Work item —
Skip every picture, and copy exactly the lines from the one containing "Manufactured Wood Text & Numbers Wall Decor" to the end of the data.
******************************
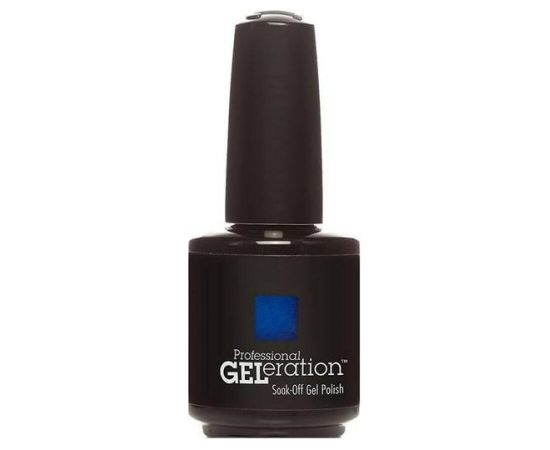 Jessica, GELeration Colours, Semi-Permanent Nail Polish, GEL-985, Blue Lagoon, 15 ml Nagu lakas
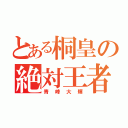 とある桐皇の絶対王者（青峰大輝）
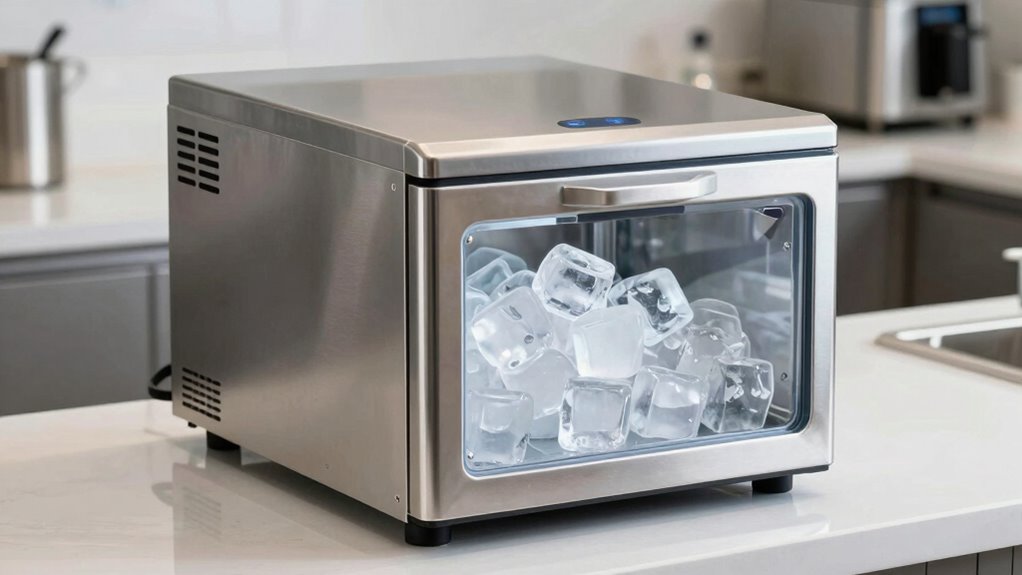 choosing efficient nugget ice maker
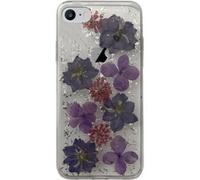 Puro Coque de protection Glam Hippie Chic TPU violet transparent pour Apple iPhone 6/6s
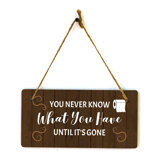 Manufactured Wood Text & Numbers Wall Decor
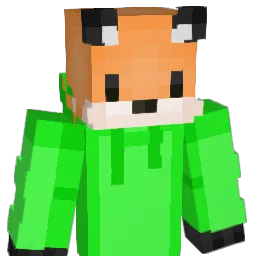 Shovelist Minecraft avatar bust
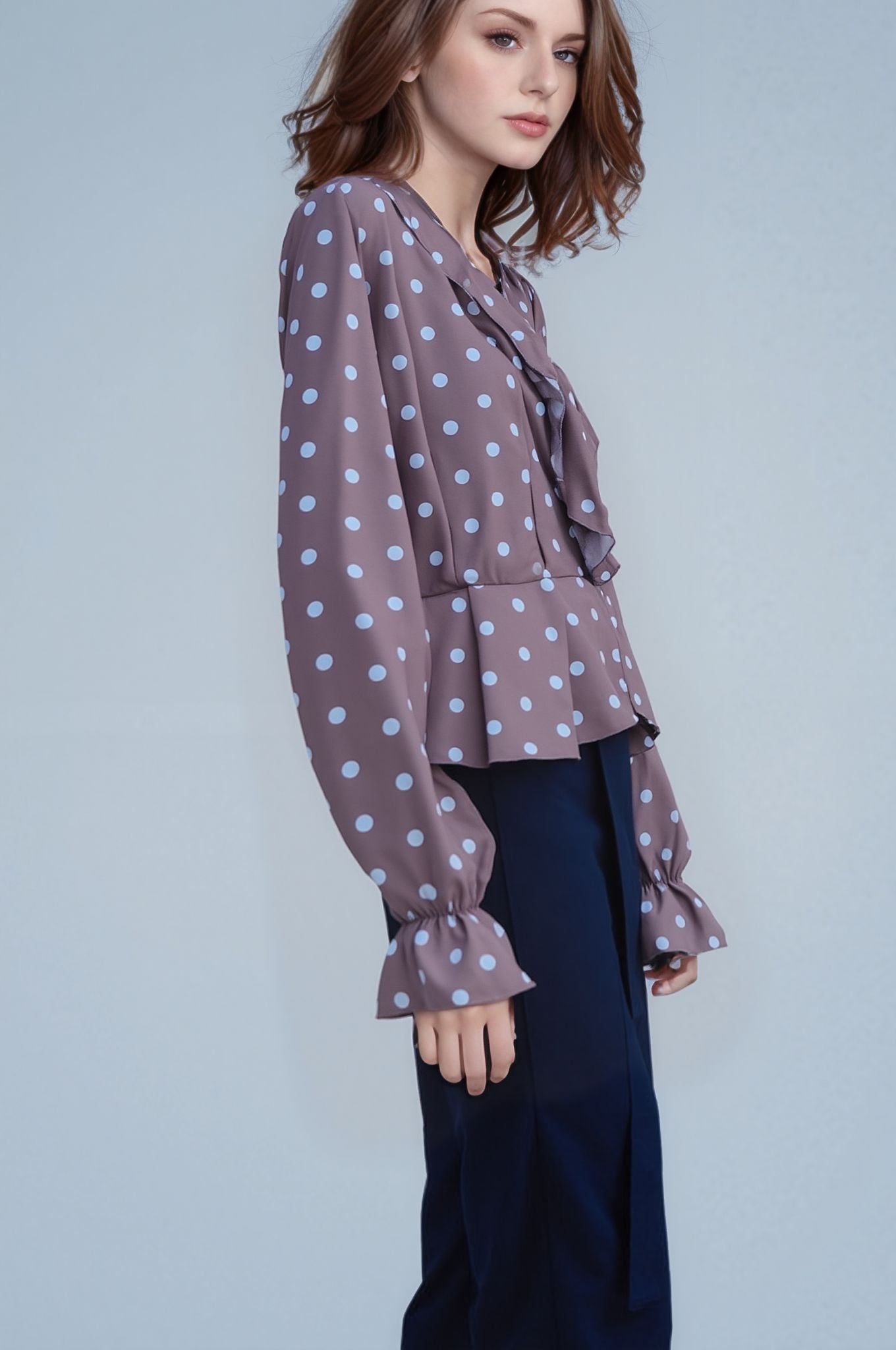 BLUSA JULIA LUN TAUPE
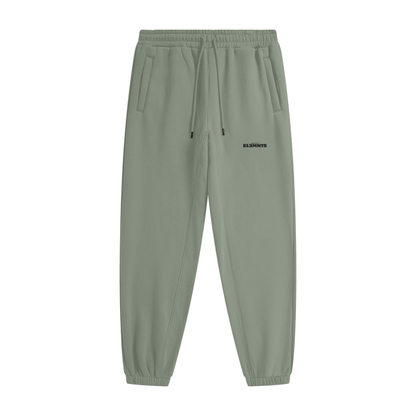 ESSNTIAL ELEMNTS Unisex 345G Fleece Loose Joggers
******************************
Output for this exercise —
 Manufactured Wood Text & Numbers Wall Decor
 Shovelist Minecraft avatar bust
 BLUSA JULIA LUN TAUPE
 ESSNTIAL ELEMNTS Unisex 345G Fleece Loose Joggers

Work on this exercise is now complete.